Notwithstanding any inability to find non-competitive employment during the 12
months following your retirement, the Company shall have no obligation to make
any payments to you in addition to those made pursuant to Paragraph A above, and
your covenant not to compete shall, nonetheless, remain in full force and
effect. Contrary language contained in your Employee Agreement is hereby amended
accordingly.
D. Breach. You agree that, if you breach any of the above agreements or any
agreements contained in the Employee Agreement, or if you challenge the release
3
January 30, 1996
Page -3-
contained in paragraph B above, the Company may terminate any benefits provided
or to be provided to you in connection with this letter, and require you to
return to the Company all moneys paid by it to you or on your behalf in
connection with this letter.
E. Entire Agreement; Governing Law and Courts. You agree that this
letter constitutes the only agreement between you and the Company or any of its
subsidiaries, and may only be amended by a written agreement signed by you and
an authorized officer of the Company. The terms of this letter shall be governed
by and construed in accordance with the laws of the State of Connecticut,
without regard to any conflict of laws rules which might result in the
application of the law of another jurisdiction.
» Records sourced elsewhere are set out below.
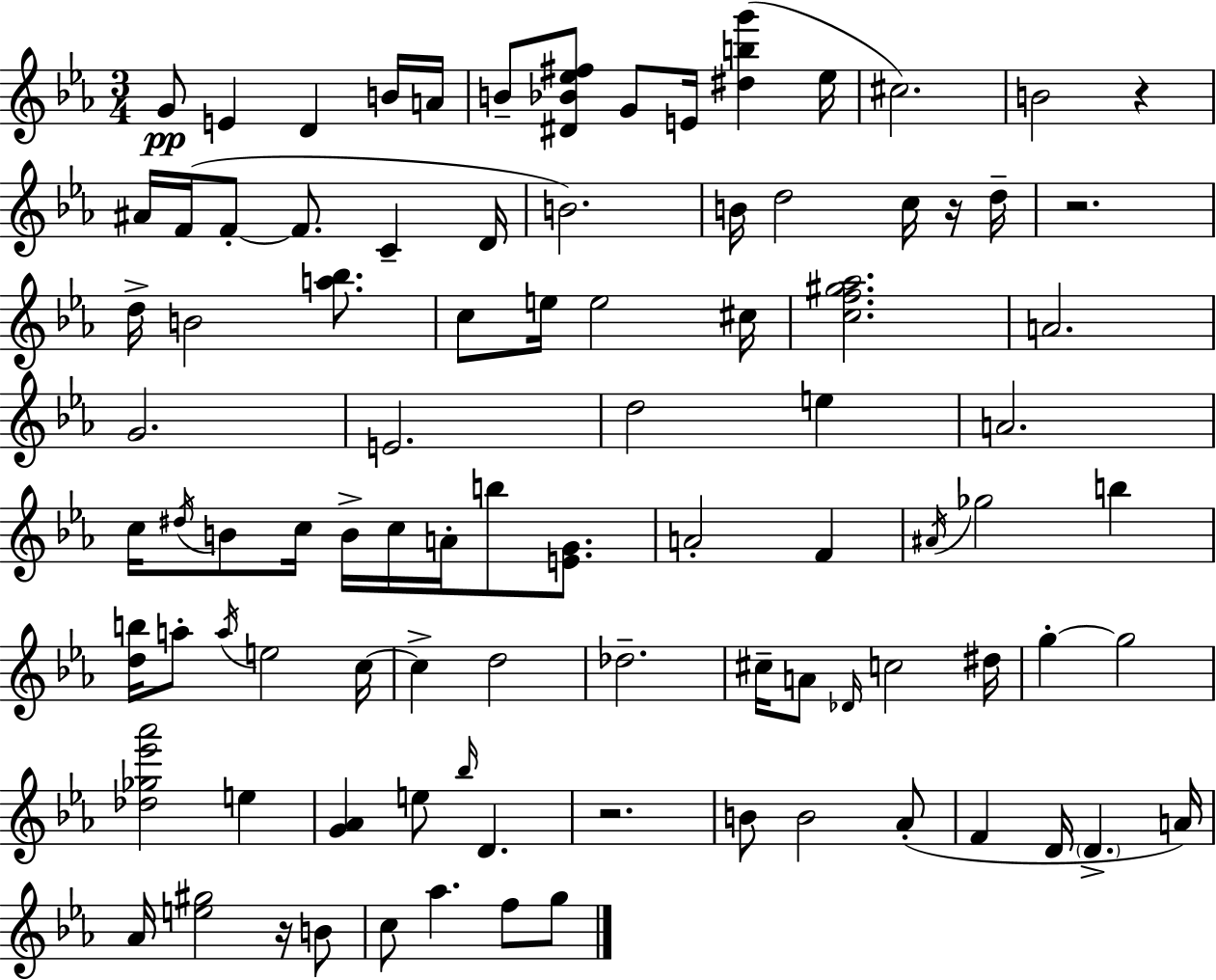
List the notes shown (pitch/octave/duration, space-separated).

G4/e E4/q D4/q B4/s A4/s B4/e [D#4,Bb4,Eb5,F#5]/e G4/e E4/s [D#5,B5,G6]/q Eb5/s C#5/h. B4/h R/q A#4/s F4/s F4/e F4/e. C4/q D4/s B4/h. B4/s D5/h C5/s R/s D5/s R/h. D5/s B4/h [A5,Bb5]/e. C5/e E5/s E5/h C#5/s [C5,F5,G#5,Ab5]/h. A4/h. G4/h. E4/h. D5/h E5/q A4/h. C5/s D#5/s B4/e C5/s B4/s C5/s A4/s B5/e [E4,G4]/e. A4/h F4/q A#4/s Gb5/h B5/q [D5,B5]/s A5/e A5/s E5/h C5/s C5/q D5/h Db5/h. C#5/s A4/e Db4/s C5/h D#5/s G5/q G5/h [Db5,Gb5,Eb6,Ab6]/h E5/q [G4,Ab4]/q E5/e Bb5/s D4/q. R/h. B4/e B4/h Ab4/e F4/q D4/s D4/q. A4/s Ab4/s [E5,G#5]/h R/s B4/e C5/e Ab5/q. F5/e G5/e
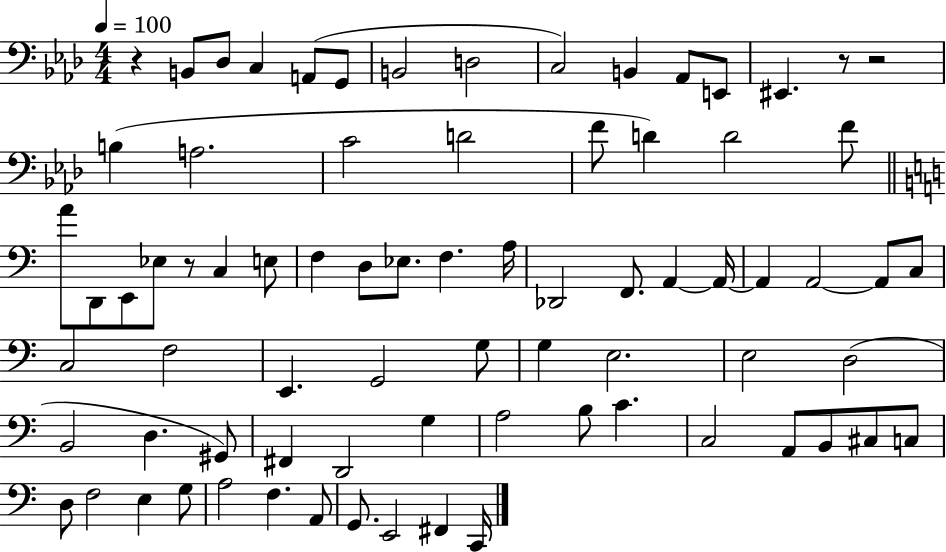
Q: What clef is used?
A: bass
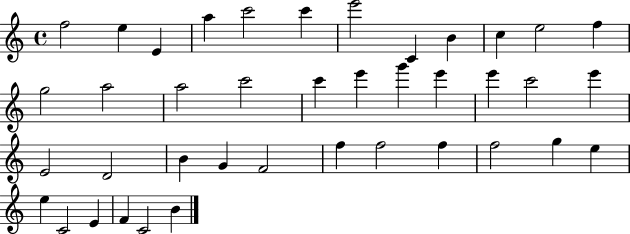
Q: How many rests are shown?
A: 0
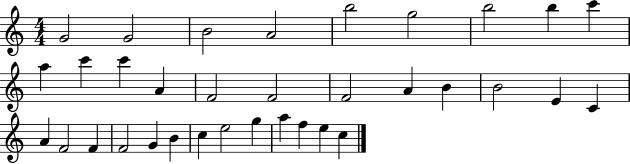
G4/h G4/h B4/h A4/h B5/h G5/h B5/h B5/q C6/q A5/q C6/q C6/q A4/q F4/h F4/h F4/h A4/q B4/q B4/h E4/q C4/q A4/q F4/h F4/q F4/h G4/q B4/q C5/q E5/h G5/q A5/q F5/q E5/q C5/q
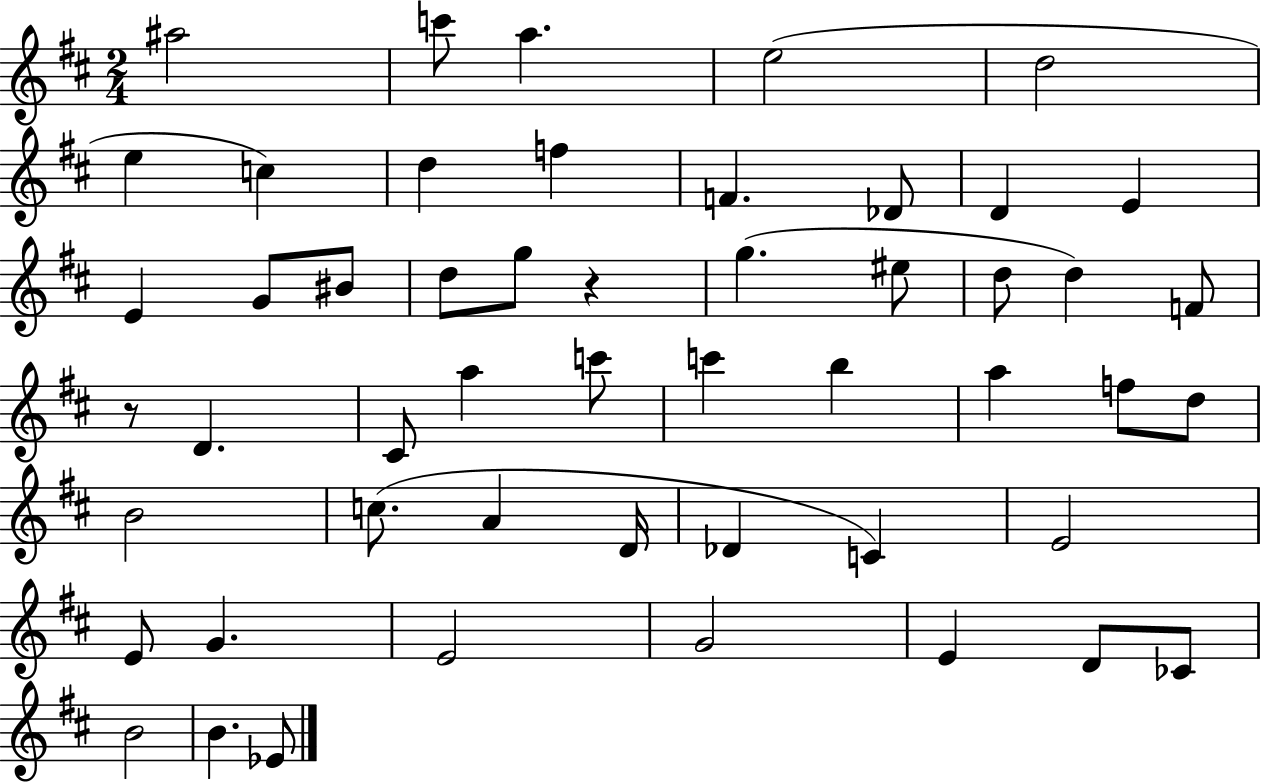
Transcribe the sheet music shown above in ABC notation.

X:1
T:Untitled
M:2/4
L:1/4
K:D
^a2 c'/2 a e2 d2 e c d f F _D/2 D E E G/2 ^B/2 d/2 g/2 z g ^e/2 d/2 d F/2 z/2 D ^C/2 a c'/2 c' b a f/2 d/2 B2 c/2 A D/4 _D C E2 E/2 G E2 G2 E D/2 _C/2 B2 B _E/2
You and the Company hereby
irrevocably agree that, other than a legal action brought by the Company in
connection with any breach of your obligations under the Employee Agreement, any
legal action with respect to any dispute between you and the Company or any of
its directors, officers or employees relating in any way to this letter or your
employment with the Company shall be brought solely before a State or Federal
court located in Connecticut.
If you accept and are in agreement with the foregoing, please so indicate by
signing below on the attached copy of this letter, and returning the same to me.
Very truly yours,
Xxxxxx X. Xxxxxx
Senior Vice President
and General Counsel
ACCEPTANCE AND AGREEMENT
By signing below, I hereby acknowledge that
I have read and understood, and voluntarily
accept and agree to, the terms and
conditions contained in this letter.